I gendarmi, tanto restii a prendere parte alle attività condotte dalla Guardia Civica, erano, invece, velocissimi a mettere le mani su qualunque cosa desiderassero. A testimoniarne la rapacità, un episodio accaduto nei primi mesi del 1811, in prossimità della “Gurna di li bufali”, dove, nel corso di una delle tante operazioni condotte in quel periodo, gli uomini della Guardia Civica, erano riusciti a sbaragliare un gruppo di briganti ed a sequestrare un consistente bottino; “le quali cose tutte portate a Serra furono prese dal sud.to Voster e sua Brigata, restando alla Civica il trapazzo di averle prese”.

In questo contesto, incalzati dall’azione repressiva condotta dai militi serresi, il 2 marzo, tre briganti, per il tramite di “Raffaele Timpano del Paparello”, un “villano di Spinetto”, chiesero alle autorità cittadine un salvacondotto. Per uno strano scherzo del destino, quel giorno, in assenza di Voster il comando della piazza era stato affidato ad un tenente, tale Gerard. Il povero Timpano, probabilmente, indeciso sul da farsi, si era rivolto al giudice di pace, Bruno Chimirri, il quale accompagnato dal comandante della Guardia Civica, Domenico Peronacci e dal civico Giuseppe Amato, andò a cercare il tenente Gerard. Lo trovò nel suo alloggio, in compagnia del maresciallo Ravier.

I due, evidentemente, abituati a tenere un contegno tutt’altro che marziale, avevano riportato la peggio da un lauto convivio con Bacco.
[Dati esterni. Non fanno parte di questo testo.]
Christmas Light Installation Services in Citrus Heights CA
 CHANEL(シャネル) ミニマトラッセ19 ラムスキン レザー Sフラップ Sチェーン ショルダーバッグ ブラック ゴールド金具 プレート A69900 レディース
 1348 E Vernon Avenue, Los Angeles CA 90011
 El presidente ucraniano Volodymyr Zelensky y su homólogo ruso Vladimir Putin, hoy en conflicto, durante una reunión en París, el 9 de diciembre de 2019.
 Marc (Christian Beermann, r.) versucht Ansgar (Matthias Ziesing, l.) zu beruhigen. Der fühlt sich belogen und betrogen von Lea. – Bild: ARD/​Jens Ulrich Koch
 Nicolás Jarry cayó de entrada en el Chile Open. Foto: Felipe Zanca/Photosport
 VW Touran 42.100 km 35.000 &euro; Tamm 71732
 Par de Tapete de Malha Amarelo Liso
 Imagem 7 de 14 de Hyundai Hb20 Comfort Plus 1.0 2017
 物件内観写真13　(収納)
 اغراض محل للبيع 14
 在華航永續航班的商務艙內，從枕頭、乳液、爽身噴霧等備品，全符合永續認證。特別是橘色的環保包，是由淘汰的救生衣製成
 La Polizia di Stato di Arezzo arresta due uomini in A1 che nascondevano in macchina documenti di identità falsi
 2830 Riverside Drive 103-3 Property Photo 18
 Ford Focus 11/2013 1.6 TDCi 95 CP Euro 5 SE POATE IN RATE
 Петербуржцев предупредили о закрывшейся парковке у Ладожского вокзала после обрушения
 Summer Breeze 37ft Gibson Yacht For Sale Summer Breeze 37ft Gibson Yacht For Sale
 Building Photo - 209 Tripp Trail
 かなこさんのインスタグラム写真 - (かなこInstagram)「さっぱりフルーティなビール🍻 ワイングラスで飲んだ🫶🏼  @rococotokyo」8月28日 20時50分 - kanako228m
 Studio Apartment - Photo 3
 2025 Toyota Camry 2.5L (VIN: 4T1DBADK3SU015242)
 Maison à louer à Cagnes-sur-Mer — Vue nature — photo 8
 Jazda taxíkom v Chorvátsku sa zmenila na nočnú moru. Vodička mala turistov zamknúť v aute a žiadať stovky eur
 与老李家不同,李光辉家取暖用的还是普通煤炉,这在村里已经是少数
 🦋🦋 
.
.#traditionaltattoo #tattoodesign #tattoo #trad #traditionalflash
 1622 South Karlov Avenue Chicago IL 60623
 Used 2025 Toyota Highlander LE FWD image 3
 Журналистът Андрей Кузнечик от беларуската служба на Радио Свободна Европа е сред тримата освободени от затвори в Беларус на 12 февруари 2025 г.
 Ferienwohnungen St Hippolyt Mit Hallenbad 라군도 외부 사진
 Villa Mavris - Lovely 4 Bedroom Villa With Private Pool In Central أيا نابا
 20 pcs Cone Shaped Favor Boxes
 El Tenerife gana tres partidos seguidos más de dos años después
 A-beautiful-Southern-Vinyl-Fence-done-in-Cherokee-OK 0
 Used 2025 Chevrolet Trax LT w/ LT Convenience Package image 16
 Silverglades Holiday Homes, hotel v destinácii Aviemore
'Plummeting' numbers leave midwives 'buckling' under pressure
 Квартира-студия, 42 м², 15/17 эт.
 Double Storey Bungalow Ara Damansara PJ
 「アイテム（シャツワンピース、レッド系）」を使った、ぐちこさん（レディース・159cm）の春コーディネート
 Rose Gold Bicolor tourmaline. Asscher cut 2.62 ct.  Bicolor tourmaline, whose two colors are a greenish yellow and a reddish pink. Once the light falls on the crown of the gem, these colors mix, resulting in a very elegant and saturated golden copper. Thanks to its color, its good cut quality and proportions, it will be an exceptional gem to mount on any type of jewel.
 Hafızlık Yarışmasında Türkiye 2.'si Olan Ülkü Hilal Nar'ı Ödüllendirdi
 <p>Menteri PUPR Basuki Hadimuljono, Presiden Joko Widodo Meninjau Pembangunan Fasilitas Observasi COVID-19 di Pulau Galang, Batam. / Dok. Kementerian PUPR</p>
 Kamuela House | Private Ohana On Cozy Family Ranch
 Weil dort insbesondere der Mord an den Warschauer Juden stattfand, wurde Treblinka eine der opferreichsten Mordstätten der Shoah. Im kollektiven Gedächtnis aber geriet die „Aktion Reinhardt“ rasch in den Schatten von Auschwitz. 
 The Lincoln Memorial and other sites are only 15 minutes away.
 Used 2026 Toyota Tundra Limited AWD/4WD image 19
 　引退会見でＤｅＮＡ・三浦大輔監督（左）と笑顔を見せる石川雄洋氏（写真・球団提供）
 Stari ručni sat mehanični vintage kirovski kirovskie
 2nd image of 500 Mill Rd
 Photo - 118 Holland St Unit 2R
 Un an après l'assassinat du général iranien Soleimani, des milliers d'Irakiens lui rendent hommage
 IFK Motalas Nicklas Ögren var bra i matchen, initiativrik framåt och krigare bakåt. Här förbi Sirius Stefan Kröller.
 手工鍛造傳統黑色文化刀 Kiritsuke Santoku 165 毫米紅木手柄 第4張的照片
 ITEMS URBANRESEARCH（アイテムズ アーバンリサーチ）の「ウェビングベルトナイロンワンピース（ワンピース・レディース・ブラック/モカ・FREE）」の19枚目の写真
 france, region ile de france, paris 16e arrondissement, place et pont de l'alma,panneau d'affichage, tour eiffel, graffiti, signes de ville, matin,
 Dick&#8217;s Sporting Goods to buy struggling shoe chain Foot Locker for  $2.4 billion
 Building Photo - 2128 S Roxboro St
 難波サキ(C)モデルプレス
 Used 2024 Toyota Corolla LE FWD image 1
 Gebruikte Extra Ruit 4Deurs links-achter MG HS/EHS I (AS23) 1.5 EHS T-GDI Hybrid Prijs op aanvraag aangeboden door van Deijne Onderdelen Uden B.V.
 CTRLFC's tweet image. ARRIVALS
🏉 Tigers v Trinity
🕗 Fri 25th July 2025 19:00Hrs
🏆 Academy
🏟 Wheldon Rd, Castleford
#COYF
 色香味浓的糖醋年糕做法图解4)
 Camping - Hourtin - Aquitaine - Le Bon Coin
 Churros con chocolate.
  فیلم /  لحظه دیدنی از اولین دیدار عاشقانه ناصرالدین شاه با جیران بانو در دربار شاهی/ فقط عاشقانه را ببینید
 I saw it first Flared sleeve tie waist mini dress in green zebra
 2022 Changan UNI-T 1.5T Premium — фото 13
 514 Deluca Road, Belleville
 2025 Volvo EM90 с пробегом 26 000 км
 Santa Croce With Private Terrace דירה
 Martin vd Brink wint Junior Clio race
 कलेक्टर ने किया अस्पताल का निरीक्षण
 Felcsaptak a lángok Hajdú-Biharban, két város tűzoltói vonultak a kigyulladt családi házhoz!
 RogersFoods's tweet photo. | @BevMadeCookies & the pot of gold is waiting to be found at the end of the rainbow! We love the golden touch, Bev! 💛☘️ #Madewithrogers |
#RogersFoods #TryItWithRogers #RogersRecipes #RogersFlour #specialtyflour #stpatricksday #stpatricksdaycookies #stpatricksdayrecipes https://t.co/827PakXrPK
Completamente incapaci di analizzare la situazione, consegnata una pistola ciascuno a Chimirri e Peronacci, nonostante i cauti suggerimenti dei serresi, si avviarono verso la casa in cui i tre briganti aspettavano il salvacondotto.

Alticci ed altezzosi com’erano, arrivati sul posto, cercarono di fare irruzione, ma non ebbero il tempo di varcare la soglia della porta d’ingresso che vennero freddati a colpi di schioppo. Nel frattempo, a dare man forte, erano arrivati, gli uomini della Guardia Civica che, al termine di un sanguinoso scontro a fuoco, costato la vita al milite Domenico Jorfida, riuscirono ad uccidere i tre briganti. Ritornato al comando ed appresa la notizia, Voster dovette andare su tutte le furie, al punto da ritenere Serra, indegna di accogliere le salme dei suoi soldati. Dispose, quindi, di “donare” quei due corpi straziati dalle pallottole brigantesche alla comunità spadolese, affinché li inumasse nella sua chiesa. Al lungo corteo che accompagnava le salme di Gerard e Ravier fino a Spadola, presero parte i militari francesi, i “cittadini” di Spadola, nonché quelli di Simbario e Brognaturo che avevano reclamato, invano, ”l’onore” di poter avere “fra loro i due Campioni”.

La vicenda assunse tratti, farseschi, quando, restaurati i Borbone, gli abitanti di Spadola trovarono imbarazzante custodire nella loro chiesa i corpi di due nemici della corona. Così, corsero ai ripari ed in maniera piuttosto spiccia, li “dissotterrarono, e li buttarono nel fiume”.

Memori dell’alterigia con la quale, al grido di “campioni” avevano accolto le salme al tempo di Voster, i “Maestri ferrari delle forge della via di S. Rocco” ogniqualvolta vedevano arrivare uno spadolese, un simbariano o un brognaturese, “lasciavano il martello, e correndoli dietro gridavano e ripetevano Campioni, Campioni: tantoché i spadolesi specialmente, nel venire a Serra: eran costretti entrare per la via dello Schiccio”.